Density Matrix Renormalization Group Study of Incompressible Fractional Quantum Hall States

We develop the density-matrix renormalization group (DMRG) technique for numerically studying incompressible fractional quantum Hall (FQH) states on the sphere. We calculate accurate estimates for ground-state energies and excitation gaps at FQH filling fractions $\nu =1/3$ and $\nu =5/2$ for systems that are considerably larger than the largest ever studied by exact diagonalization. We establish, by carefully comparing with existing numerical results on smaller systems, that DMRG is a highly effective numerical tool for studying incompressible FQH states.

Figure 1

(a) Ground-state and variational energies at $\nu =1/3$ obtained with DMRG and exact diagonalization (ED).
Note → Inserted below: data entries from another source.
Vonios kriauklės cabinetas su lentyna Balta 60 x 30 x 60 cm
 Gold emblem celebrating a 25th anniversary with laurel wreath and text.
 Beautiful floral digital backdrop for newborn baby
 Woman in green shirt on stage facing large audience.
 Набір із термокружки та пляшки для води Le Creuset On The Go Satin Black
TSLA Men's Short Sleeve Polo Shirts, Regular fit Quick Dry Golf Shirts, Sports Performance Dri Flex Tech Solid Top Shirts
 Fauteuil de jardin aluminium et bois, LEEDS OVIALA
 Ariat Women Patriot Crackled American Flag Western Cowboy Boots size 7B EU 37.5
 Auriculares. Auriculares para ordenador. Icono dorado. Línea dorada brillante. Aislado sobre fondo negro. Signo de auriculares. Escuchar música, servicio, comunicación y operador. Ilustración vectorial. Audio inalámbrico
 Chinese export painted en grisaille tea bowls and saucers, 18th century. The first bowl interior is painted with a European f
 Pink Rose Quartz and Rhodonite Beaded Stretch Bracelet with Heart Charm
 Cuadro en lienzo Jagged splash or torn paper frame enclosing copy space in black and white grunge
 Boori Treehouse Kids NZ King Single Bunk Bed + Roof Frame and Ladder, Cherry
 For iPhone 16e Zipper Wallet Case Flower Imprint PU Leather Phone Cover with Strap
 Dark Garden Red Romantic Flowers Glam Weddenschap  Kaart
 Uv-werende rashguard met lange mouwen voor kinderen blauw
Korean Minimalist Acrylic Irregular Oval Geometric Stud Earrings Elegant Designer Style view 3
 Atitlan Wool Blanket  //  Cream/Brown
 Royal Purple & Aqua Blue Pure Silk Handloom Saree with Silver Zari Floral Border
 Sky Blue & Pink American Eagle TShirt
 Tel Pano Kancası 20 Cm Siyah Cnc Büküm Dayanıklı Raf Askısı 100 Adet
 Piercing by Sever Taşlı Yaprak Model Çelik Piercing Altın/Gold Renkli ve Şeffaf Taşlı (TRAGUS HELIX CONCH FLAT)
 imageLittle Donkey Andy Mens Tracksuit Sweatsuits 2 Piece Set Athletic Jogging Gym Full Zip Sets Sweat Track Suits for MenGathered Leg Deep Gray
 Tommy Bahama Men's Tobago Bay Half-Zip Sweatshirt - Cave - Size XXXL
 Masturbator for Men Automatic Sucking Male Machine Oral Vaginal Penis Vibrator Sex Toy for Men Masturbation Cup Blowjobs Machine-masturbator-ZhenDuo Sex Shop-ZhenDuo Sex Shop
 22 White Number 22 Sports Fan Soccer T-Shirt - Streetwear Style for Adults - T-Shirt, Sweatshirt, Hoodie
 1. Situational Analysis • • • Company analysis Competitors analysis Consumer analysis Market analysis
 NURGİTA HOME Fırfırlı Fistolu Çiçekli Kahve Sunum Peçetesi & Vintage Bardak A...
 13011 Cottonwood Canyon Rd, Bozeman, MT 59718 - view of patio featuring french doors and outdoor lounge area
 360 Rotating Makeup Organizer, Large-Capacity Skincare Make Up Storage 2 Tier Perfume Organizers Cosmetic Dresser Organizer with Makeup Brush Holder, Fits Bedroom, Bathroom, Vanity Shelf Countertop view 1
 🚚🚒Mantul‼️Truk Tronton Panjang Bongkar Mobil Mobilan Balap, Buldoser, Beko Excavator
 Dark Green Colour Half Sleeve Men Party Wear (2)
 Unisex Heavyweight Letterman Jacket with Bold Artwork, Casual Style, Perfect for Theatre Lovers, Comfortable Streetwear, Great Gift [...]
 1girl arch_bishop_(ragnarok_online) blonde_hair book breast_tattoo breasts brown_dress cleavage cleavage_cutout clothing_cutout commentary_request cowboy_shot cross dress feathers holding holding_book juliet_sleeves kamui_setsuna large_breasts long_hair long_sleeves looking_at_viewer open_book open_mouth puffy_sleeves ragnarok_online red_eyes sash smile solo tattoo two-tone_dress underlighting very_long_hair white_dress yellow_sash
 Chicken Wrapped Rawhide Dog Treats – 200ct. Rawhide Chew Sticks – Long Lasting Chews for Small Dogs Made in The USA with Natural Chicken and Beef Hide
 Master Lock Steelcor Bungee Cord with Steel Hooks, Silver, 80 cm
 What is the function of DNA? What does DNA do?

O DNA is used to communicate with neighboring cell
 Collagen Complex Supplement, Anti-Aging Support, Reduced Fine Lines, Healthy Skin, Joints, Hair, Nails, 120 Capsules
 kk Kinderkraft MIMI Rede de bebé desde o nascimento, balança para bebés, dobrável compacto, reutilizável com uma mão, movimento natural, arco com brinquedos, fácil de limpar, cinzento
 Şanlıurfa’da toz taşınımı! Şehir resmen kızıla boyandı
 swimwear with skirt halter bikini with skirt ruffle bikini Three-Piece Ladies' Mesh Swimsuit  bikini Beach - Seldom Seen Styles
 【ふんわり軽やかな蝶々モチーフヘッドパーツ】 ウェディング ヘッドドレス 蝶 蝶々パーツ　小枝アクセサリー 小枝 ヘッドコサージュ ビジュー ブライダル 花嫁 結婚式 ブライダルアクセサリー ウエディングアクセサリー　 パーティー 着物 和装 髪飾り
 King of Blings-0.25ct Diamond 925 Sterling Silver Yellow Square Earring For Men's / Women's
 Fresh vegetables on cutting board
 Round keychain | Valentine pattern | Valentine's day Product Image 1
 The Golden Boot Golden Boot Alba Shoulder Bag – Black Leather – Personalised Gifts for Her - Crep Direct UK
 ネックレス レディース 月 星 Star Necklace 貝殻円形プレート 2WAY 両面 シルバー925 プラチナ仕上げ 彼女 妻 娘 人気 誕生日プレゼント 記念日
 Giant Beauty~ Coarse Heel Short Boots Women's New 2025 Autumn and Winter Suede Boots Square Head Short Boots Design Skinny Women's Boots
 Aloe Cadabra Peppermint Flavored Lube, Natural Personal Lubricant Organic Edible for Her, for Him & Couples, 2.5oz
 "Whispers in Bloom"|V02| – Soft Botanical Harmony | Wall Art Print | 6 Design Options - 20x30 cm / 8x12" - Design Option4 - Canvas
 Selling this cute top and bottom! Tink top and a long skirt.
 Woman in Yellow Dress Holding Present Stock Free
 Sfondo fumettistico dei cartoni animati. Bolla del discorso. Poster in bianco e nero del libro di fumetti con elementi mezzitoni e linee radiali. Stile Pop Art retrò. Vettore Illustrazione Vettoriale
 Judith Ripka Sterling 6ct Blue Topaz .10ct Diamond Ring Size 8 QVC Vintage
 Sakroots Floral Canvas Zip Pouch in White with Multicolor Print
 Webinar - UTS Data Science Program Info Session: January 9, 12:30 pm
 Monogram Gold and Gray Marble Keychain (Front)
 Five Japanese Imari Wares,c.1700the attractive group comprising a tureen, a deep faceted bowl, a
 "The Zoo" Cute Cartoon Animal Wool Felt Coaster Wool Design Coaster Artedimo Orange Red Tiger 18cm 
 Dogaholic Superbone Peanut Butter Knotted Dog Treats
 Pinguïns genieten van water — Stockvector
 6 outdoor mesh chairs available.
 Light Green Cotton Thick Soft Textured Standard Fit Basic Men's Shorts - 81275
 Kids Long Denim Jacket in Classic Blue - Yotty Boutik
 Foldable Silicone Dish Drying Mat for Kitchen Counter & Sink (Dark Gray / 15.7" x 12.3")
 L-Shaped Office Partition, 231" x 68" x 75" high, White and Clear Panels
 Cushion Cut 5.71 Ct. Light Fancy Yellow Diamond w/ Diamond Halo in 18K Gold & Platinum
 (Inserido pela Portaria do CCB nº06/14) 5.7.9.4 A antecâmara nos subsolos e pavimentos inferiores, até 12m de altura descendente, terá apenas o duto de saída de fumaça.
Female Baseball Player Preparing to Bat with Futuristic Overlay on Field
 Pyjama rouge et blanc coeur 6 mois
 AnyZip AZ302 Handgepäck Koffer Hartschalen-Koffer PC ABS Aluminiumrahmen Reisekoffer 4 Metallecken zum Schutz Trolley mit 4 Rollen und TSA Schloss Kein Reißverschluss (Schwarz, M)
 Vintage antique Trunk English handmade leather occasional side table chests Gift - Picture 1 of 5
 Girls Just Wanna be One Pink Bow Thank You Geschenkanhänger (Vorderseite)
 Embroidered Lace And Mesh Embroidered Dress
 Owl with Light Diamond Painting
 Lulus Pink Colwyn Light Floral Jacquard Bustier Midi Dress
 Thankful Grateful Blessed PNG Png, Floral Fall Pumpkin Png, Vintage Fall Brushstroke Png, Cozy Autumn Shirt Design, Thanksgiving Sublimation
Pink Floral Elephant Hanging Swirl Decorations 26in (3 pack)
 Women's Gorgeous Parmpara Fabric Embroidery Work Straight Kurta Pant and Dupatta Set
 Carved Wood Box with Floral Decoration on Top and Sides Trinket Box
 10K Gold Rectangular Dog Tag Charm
The extrapolated values are obtained using a quadratic function of $1/N_e$. Variational results are barely visible because they lie on top of the DMRG energies at this scale. (b) Finite-size scaling using a renormalized magnetic length ${\ell }_0$, following Refs. 19, 20.

Figure 2

(a) Ground-state energies at $\nu =5/2$ for DMRG and exact diagonalization. (b) Finite-size scaling using a renormalized magnetic length ${\ell }_0$, following Refs. 19, 20.

Figure 3

Size dependence of the excitation energies and gap at $\nu =5/2$, obtained with DMRG.

Figure 4

Pair correlation function for (a) $N_e=18$, calculated using exact diagonalization and DMRG (indistinguishable from each other), and the Moore-Read state; and (b) $N_e=20$, 22 using DMRG, and the Moore-Read state for $N_e=22$, using Monte Carlo calculations.